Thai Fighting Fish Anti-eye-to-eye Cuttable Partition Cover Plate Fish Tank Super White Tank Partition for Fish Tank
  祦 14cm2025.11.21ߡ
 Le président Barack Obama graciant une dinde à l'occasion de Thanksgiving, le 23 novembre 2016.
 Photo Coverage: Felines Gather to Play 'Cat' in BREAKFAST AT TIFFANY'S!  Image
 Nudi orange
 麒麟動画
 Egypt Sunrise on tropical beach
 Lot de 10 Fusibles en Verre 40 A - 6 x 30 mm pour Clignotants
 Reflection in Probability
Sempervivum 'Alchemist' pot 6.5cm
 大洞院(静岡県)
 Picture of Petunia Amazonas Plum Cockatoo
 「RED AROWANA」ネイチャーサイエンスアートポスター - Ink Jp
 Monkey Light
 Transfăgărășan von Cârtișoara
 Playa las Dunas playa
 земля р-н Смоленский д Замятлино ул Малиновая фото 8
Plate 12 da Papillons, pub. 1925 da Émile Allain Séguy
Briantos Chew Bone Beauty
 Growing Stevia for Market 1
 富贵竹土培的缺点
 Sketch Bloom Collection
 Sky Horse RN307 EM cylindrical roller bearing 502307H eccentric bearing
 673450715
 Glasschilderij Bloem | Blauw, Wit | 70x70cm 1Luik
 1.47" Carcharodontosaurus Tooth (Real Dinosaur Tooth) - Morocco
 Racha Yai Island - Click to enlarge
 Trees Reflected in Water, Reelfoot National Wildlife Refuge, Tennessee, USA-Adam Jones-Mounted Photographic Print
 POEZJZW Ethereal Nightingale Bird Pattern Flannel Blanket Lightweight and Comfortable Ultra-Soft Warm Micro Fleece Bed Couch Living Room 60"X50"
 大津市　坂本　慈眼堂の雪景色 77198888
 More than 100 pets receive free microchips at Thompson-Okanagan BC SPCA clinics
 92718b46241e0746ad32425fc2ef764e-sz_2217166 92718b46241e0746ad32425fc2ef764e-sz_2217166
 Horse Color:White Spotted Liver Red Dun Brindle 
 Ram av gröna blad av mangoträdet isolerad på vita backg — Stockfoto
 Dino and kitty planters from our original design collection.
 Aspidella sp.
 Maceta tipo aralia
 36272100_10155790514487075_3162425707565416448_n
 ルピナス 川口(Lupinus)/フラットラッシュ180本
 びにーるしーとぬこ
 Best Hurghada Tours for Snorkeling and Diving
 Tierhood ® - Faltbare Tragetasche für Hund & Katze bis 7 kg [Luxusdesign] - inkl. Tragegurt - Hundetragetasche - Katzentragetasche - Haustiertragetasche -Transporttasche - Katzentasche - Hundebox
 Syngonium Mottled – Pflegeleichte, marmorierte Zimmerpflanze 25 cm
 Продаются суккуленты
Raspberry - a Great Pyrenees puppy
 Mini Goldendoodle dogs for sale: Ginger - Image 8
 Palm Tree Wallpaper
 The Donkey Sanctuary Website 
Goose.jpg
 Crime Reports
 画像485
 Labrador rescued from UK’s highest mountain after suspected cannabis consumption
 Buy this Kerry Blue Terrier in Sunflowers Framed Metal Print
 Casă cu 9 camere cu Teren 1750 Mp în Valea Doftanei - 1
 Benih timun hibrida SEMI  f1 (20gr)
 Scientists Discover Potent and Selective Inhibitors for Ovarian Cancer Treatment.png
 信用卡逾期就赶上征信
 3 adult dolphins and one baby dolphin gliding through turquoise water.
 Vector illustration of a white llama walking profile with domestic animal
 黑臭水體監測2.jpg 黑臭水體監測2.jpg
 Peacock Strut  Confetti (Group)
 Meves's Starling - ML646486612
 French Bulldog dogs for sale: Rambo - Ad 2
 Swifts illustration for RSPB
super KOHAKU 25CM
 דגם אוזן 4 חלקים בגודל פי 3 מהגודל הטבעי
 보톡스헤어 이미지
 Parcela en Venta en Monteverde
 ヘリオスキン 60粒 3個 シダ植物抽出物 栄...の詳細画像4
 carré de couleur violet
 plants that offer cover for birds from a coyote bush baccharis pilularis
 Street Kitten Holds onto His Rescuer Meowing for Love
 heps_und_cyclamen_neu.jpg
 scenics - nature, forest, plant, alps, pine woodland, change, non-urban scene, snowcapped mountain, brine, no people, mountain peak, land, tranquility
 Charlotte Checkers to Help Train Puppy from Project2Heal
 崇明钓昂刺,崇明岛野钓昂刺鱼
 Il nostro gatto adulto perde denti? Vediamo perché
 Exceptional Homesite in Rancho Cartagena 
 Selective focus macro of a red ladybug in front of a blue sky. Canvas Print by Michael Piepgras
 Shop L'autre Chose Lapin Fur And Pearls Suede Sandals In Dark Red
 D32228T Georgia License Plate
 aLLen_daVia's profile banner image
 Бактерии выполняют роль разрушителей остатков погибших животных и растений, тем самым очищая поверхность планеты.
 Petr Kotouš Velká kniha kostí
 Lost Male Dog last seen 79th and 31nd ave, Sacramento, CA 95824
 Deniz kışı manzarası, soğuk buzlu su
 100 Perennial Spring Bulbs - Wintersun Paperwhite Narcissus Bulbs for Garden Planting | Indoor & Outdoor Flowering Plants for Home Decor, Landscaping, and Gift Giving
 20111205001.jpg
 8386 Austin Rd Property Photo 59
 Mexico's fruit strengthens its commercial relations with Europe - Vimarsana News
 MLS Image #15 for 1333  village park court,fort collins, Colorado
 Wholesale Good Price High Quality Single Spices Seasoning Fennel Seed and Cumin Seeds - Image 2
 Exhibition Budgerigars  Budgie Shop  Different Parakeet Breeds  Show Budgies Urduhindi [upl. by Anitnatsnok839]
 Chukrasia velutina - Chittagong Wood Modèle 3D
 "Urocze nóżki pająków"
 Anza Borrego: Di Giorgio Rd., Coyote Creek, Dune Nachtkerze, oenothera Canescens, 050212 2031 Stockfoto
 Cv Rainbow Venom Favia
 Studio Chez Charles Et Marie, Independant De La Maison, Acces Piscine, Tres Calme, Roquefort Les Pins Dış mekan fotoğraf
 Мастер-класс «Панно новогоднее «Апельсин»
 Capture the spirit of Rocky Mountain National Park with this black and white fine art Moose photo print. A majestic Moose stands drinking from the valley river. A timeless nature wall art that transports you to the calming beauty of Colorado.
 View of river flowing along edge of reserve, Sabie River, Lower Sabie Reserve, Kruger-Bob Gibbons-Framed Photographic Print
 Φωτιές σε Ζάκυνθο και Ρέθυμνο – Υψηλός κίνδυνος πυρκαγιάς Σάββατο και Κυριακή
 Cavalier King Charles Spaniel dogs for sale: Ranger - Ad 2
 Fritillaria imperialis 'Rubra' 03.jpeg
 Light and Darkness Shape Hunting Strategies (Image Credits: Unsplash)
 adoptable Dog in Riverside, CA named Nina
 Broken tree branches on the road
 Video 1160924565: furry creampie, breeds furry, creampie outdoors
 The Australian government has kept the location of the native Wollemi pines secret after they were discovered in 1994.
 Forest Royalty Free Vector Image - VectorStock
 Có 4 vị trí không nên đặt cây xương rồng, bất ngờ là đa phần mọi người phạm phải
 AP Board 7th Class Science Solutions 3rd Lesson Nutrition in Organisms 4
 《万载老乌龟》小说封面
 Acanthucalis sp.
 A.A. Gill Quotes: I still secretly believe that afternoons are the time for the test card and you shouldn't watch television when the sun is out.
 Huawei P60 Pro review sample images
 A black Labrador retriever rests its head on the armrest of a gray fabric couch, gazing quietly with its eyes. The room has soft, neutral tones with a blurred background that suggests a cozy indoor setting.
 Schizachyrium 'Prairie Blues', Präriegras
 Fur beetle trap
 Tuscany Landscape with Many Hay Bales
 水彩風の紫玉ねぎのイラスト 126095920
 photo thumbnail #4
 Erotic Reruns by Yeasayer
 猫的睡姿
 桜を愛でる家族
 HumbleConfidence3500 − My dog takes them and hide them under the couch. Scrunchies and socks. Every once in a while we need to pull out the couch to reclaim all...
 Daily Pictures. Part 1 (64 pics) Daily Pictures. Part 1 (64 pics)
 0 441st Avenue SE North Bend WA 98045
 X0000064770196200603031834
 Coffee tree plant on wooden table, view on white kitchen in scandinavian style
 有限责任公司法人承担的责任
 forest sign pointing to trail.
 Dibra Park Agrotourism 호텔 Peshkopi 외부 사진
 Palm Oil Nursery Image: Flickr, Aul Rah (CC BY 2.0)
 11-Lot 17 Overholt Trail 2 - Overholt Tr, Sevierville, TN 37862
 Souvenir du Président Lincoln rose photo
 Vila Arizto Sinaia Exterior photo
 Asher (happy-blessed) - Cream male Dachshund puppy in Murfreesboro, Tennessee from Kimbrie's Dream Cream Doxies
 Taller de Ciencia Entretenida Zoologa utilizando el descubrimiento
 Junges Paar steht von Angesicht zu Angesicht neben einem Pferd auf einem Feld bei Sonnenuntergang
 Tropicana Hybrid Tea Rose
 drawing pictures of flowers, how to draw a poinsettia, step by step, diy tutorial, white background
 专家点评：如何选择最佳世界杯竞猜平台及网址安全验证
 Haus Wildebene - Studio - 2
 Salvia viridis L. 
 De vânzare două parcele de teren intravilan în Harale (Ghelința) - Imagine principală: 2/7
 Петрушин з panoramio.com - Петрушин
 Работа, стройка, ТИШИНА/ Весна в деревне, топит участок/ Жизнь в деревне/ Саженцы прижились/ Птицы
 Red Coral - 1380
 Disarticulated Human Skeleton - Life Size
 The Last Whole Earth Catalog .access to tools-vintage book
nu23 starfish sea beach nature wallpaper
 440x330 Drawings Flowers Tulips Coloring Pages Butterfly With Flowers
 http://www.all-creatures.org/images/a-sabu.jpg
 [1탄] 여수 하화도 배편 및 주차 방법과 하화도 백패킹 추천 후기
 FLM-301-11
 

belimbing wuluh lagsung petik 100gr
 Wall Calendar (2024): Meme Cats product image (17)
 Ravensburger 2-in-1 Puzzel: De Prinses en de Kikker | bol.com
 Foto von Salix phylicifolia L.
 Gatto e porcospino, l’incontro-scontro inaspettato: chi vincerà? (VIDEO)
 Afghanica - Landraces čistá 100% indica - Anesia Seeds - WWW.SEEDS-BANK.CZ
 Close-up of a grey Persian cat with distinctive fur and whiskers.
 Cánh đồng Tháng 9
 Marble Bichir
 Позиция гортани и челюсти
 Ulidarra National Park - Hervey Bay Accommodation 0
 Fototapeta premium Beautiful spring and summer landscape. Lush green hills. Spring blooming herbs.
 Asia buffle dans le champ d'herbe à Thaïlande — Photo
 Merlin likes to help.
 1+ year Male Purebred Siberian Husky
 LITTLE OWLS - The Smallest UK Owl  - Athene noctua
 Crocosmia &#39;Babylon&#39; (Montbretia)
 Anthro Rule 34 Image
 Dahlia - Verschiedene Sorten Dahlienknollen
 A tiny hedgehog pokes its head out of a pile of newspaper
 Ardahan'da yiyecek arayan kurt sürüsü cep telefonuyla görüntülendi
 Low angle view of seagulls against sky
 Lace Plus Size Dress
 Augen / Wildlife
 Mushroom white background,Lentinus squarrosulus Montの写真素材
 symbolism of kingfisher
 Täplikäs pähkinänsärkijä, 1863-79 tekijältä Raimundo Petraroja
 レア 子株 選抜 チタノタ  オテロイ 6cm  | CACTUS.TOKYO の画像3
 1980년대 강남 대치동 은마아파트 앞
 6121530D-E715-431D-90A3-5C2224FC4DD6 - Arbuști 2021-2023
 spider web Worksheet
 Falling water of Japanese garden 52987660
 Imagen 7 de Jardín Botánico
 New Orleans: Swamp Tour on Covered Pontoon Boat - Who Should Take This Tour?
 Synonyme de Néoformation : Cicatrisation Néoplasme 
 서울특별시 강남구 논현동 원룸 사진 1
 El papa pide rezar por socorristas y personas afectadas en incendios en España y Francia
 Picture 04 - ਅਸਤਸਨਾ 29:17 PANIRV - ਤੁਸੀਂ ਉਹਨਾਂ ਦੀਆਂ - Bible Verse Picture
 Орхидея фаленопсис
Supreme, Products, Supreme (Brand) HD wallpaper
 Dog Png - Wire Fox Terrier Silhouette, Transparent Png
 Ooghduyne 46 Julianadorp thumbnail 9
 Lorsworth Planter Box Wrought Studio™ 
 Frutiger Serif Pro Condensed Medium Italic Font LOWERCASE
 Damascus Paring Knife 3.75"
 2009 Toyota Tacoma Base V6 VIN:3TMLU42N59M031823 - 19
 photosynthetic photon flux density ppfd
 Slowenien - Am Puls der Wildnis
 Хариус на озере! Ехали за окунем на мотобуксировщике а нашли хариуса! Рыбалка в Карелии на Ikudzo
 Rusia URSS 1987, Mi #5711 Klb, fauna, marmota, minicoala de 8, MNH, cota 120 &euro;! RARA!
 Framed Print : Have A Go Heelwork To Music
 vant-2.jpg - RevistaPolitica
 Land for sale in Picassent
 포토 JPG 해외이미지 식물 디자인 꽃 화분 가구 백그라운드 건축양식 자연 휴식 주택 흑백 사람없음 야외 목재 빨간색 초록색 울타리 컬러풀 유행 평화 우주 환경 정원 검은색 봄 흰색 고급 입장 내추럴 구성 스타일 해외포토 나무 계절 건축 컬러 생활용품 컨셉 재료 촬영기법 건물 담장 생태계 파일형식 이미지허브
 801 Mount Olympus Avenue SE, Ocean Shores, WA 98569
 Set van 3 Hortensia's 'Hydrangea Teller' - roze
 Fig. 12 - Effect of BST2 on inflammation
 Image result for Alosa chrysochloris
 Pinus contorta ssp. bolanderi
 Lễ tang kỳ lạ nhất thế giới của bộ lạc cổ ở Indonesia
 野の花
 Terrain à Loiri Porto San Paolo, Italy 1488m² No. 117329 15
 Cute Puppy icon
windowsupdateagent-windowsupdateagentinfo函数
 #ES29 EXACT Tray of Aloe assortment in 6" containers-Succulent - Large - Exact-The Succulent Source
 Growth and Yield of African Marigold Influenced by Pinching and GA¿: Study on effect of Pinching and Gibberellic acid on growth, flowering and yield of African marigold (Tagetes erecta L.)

==*==

**INSTRUCTIONS TO FOLLOW**
All that should be written out is the stretch of lines above between the one holding "Land for sale in Picassent" and the one holding "Image result for Alosa chrysochloris", inclusive, exactly as given.

**ANSWER BOX**
 Land for sale in Picassent
 포토 JPG 해외이미지 식물 디자인 꽃 화분 가구 백그라운드 건축양식 자연 휴식 주택 흑백 사람없음 야외 목재 빨간색 초록색 울타리 컬러풀 유행 평화 우주 환경 정원 검은색 봄 흰색 고급 입장 내추럴 구성 스타일 해외포토 나무 계절 건축 컬러 생활용품 컨셉 재료 촬영기법 건물 담장 생태계 파일형식 이미지허브
 801 Mount Olympus Avenue SE, Ocean Shores, WA 98569
 Set van 3 Hortensia's 'Hydrangea Teller' - roze
 Fig. 12 - Effect of BST2 on inflammation
 Image result for Alosa chrysochloris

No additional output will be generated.